Hemphill, who was 89 when he died Nov. 24, was born in Northern Ireland and after his parents died in 1953 he and his older brother were going to board a ship to Australia.

But somewhere a fire occurred so they hopped on a ship to Canada instead. They both got jobs at a grin farm near Selkirk and then a mink farm in Headingley before he joined a construction company.

Hemphill then became a heavy machinery operator with the City of Winnipeg and became known for ploughing the city’s streets with his grader. Read more about Tom. 



Most honeymoons don’t lead to corporate success, but Irena Kankova-Cohen’s did. But first she had to flee her country.

Kankova-Cohen, who died on Nov. 4 at 94, was born into an aristocratic Czech family and became friends with a group of classmates opposed to the postwar communist government. When the secret police said she had to report on the group’s activities or she would be arrested, she fled the country at only 23, crossing mountains, rivers and streams by herself, never seeing her father again. It wasn’t until 1964 she was reunited with her mother.

She ended up in Winnipeg and later met and married businessman Albert Cohen. And it was during their honeymoon, which she had to push him to book a round-the-world trip, that he met the founders of a small Japanese firm named Sony. They ended up getting the Canadian rights to sell their products. Read more about Irena. 



Dorothy Halliday lived to 105 — meaning she lived during two pandemics, a century apart.

Halliday, who died on Nov. 21, was born in Shoal Lake on March 2, 1916, and later received her teaching certificate at the Normal School in Winnipeg.
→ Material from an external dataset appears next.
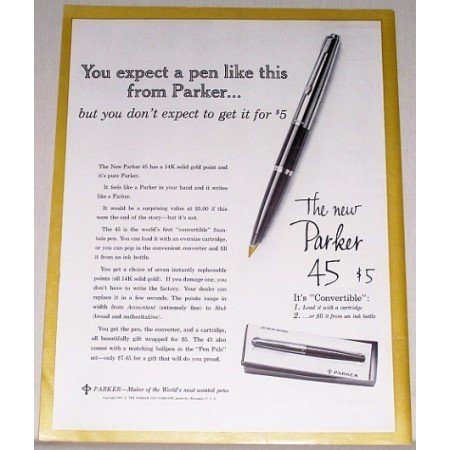 1962 Parker 45 Fountain Pen Color Print Ad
She taught at several one room schoolhouses in rural parts of the province until she got married after the Second World War. She then worked as a substitute teacher at various places where her family lived through the decades and even taught adult education in Dauphin until she retired. Read more about Dorothy.




Cornelius Chuckrey was another Manitoban who was born during the last pandemic.

Chuckrey, who was just one month shy of his 103rd birthday when he died on Nov. 21, not only survived the Spanish flu in 1918 and 1919, he lived through serving in the Second World War as well.

Chuckrey returned to Canada after the war, with a British war bride, and raised his family.

The family loved camping and, for their comfort, he designed a fold down tent trailer. Many other campers looked at the design and his family often joked if he had patented the idea it might have been known as a Chuckrey tent trailer instead of a Coleman tent trailer. Read more about Niel.



A Life’s Story

Florence Swail’s marriage was a love story, but during those years she had to give up something else.


Swail, who died in February at 91 years of age, was proud to have 50 years of sobriety during her 65 years of marriage.

Florence loved to fish and once won a Manitoba master angler award for catching a massive bass. (Supplied)

“Perhaps the proudest thing we can remember about our mother was that she was a recovering alcoholic,” her son Scott recalled recently.

“This might sound strange, but her recovery was nothing short of courageous… once mom gained sobriety, she paid it forward to dedicating herself to years of mentoring countless others to find it as well.”